La libertad de expresión y de prensa son unos de los valores fundamentales para la convivencia republicana. Los medios de cualquier naturaleza: comunitarias, partidistas, los tradicionales, cualquiera que sea su origen, son necesarios para la vida democrática. Dar a conocer sus opiniones, la publicación de sus investigaciones, la defensa de una posición desde la razón serán siempre encomiables y necesarias. Y sobre todo, hay que defenderlas.
El hecho de que la violencia y la inseguridad lleguen a los medios de comunicación es un paso más en el terror que grupos criminales pretenden imponer en el país. Usan el miedo como la forma de someter a la población a su voluntad para actuar con mayor impunidad e imponer el silencio de las mayorías.
Estos son, a la vez, ataques a la palabra de las personas o de grupos. Y la palabra es el bien más preciado de la humanidad. Sin la palabra no hay pensamiento, lo que nos diferencia de los animales.

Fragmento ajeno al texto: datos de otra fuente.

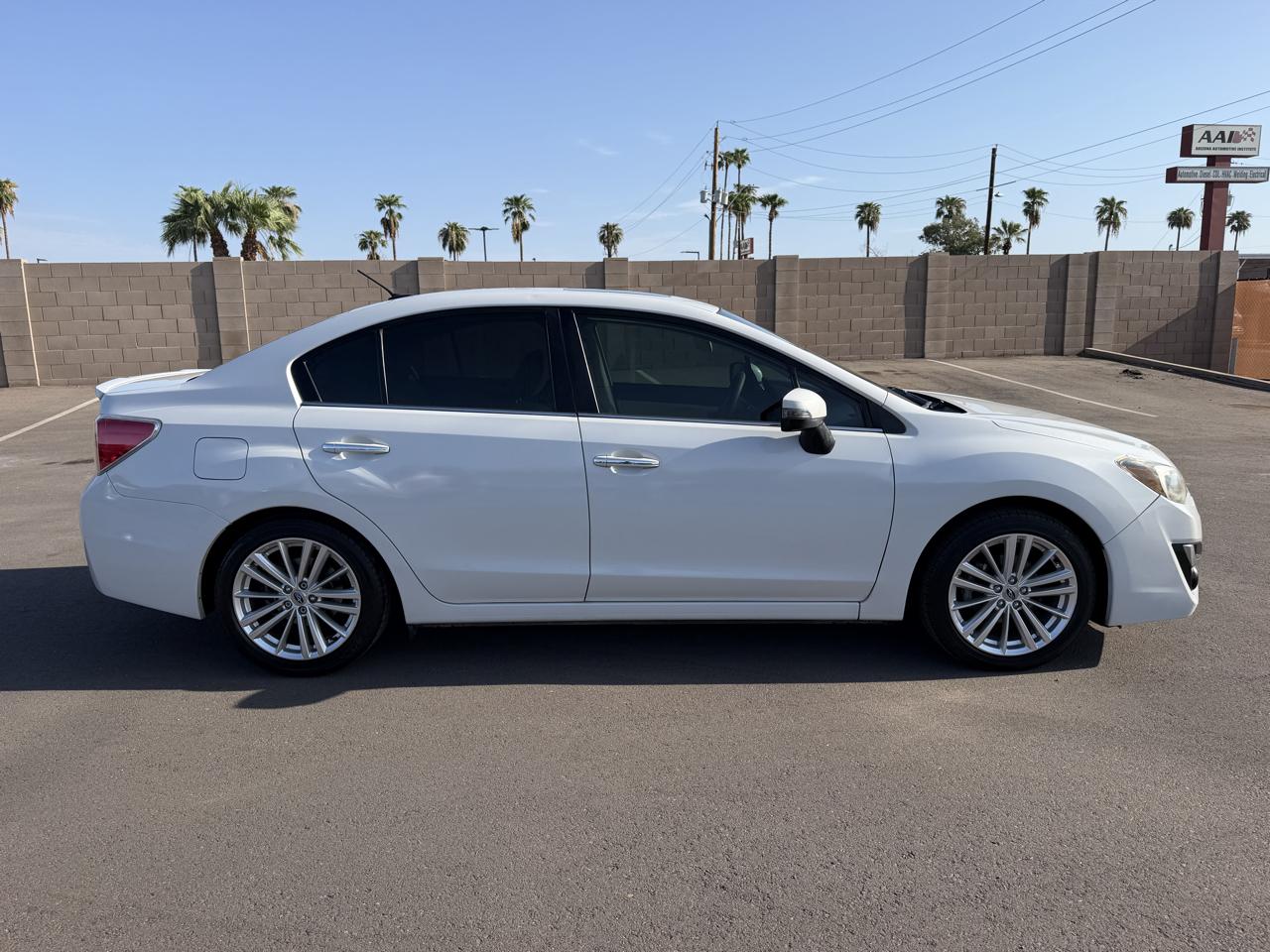 Subaru Impreza 2.0i Limited PZEV 4-Door 2015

La historia reciente de América Latina ha tenido muchos casos de cuando se ataca a periodistas, la crisis ha llegado a extremos de los que son difíciles de salir. Colombia lo supo bien durante el terror que generó Pablo Escobar. Y uno de los objetivos fue atacar a los diarios, sobre todo a El Espectador.
En México, los asesinatos de periodistas que investigan al narcotráfico son mensuales. El año pasado, la violencia se cobró la vida de 15 comunicadores.
No es insensibilidad con la muerte de tantos ecuatorianos, de las víctimas colaterales. Se informa y se condena estos y otros atentados con la misma medida. Ocurre, sin embargo, que cuando ya se ataca a la prensa es porque buscan de todas las maneras posibles un silencio. La ignorancia de un hecho es su mejor arma.